Abstract: Scikit-learn is a Python machine learning library used by data science practitioners from many disciplines. We start this training by learning about scikit-learn's API for supervised machine learning. scikit-learn's API mainly consists of three methods: fit to build models, predict to make predictions from models, and transform to modify data. This consistent and straightforward interface helps to abstract away the algorithm, thus allowing us to focus on our domain-specific problems. First, we learn the importance of splitting your data into train and test sets for model evaluation. Then, we explore the preprocessing techniques on numerical, categorical, and missing data. We see how different machine learning models are impacted by preprocessing. For example, linear and distance-based models require standardization, but tree-based models do not. We explore how to use the Pandas output API, which allows scikit-learn's transformers to output Pandas DataFrames! The Pandas output API enables us to connect the feature names with the state of a machine learning model. Next, we learn about the Pipeline, which connects transformers with a classifier or regressor to build a data flow where the output of one model is the input of another. Lastly, we look at scikit-learn's Histogram-based Gradient Boosting model, which can natively handle numerical and categorical data with missing values. After this training, you will have the foundations to apply scikit-learn to your machine learning problems.
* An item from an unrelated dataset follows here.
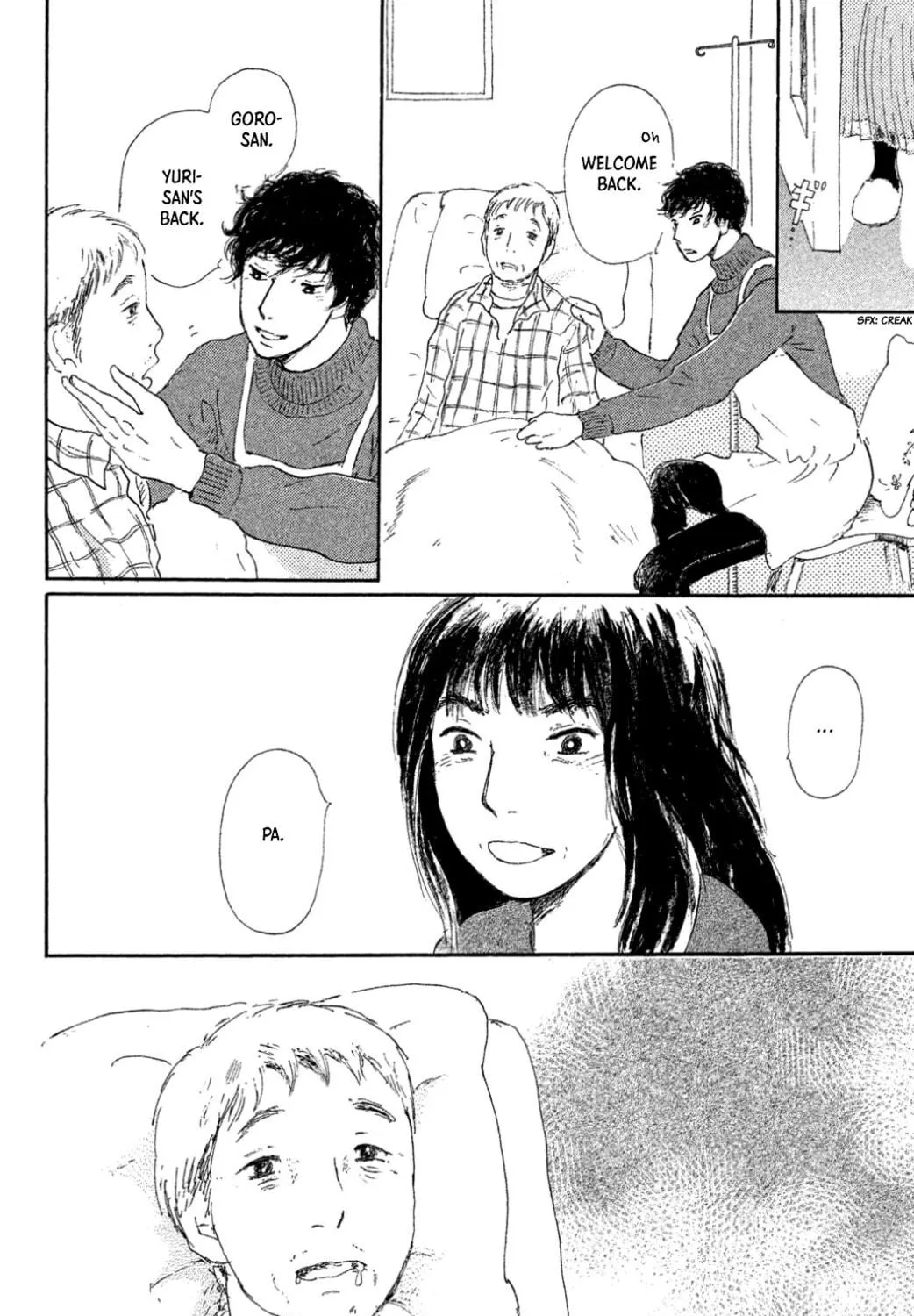 Yuria's Red String Chapter 27 page 11 -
Module 1: Supervised learning with scikit-learn
We explore scikit-learn's API for supervised machine learning: fit models, predict to make predictions and transform to modify data. We also see how to split data into a training and test set with scikit-learn.
Module 2: Preprocessing
We learn about preprocessing numerical data and its significance for particular machine learning models. For example, preprocessing is essential for approximating distances such as nearest neighbor models. Scikit-learn also provides imputers to handle data with missing values.
Module 3: Pipelines
We explore combining preprocessing techniques with a machine learning model using scikit-learn's Pipeline. The Pipeline enables us to connect transformers with a classifier or regressor to build a data flow where the output of one layer is the input of another.
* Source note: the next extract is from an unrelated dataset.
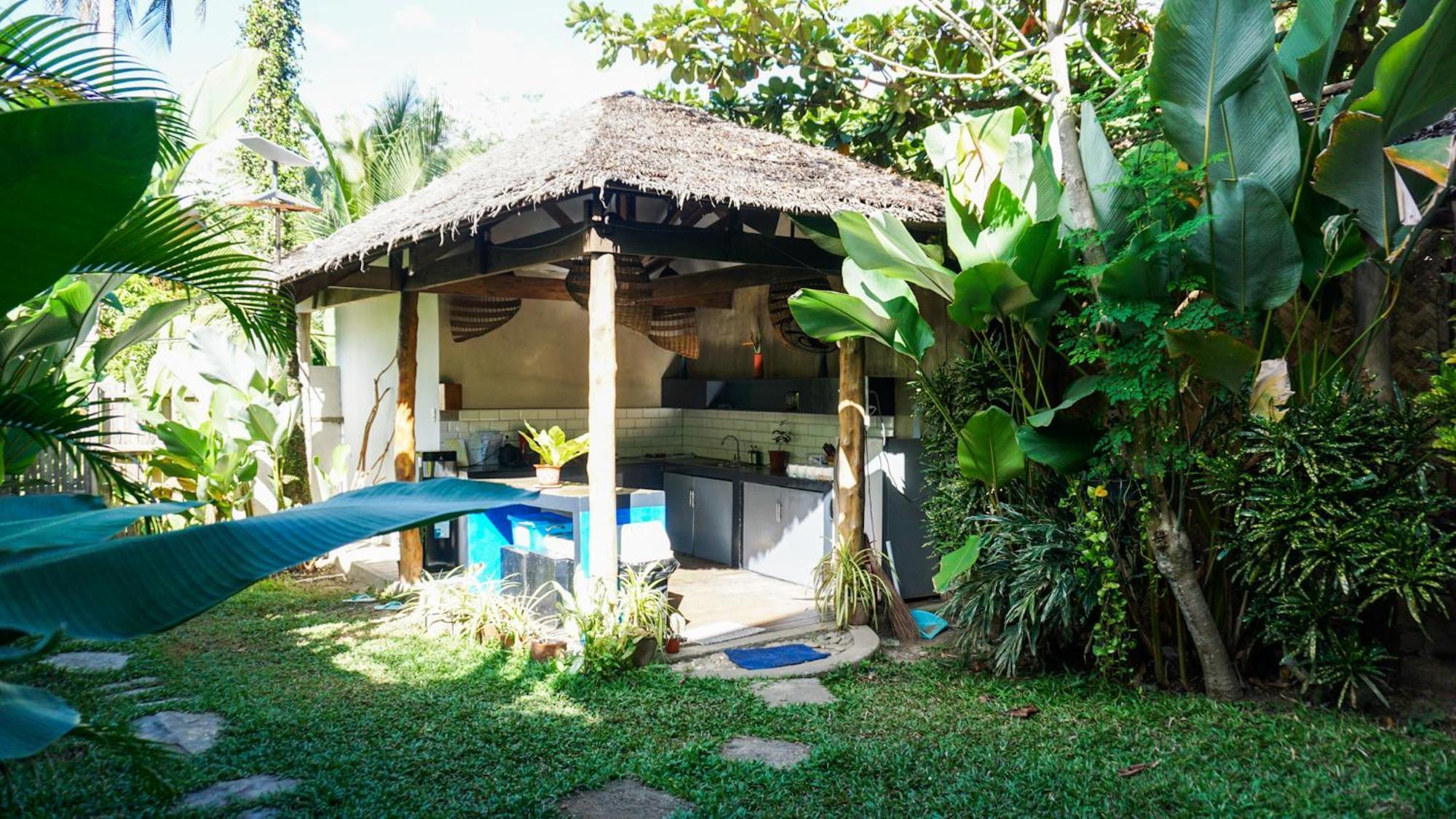 El Nido Boutique Vacation Villas Eksteriør bilde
Module 4: Categorical data
Many datasets are heterogeneous, consisting of both numerical features and categories features. In this section, we learn how to use scikit-learn's encoders to convert categorical features into numerical features for a machine learning model to consume. Lastly, we look at scikit-learn's Histogram-based Gradient Boosting model, which can natively handle heterogeneous data.
Attendees will learn about the foundations of scikit-learn. We will use the following open source tools: scikit-learn, pandas, numpy, seaborn, matplotlib, jupyter
Basic Python skills are required
Bio: Thomas J. Fan is a Senior Machine Learning Engineer at Union.ai and a maintainer for scikit-learn, an open-source machine learning library for Python. He led the development of scikit-learn's set_output API, which allows transformers to return pandas DataFrames. Previously, Thomas worked at Columbia University to improve interoperability between scikit-learn and AutoML systems. He also maintains skorch, a neural network library that wraps PyTorch. Thomas has a Master's in Mathematics from NYU and a Master's in Physics from Stony Brook University.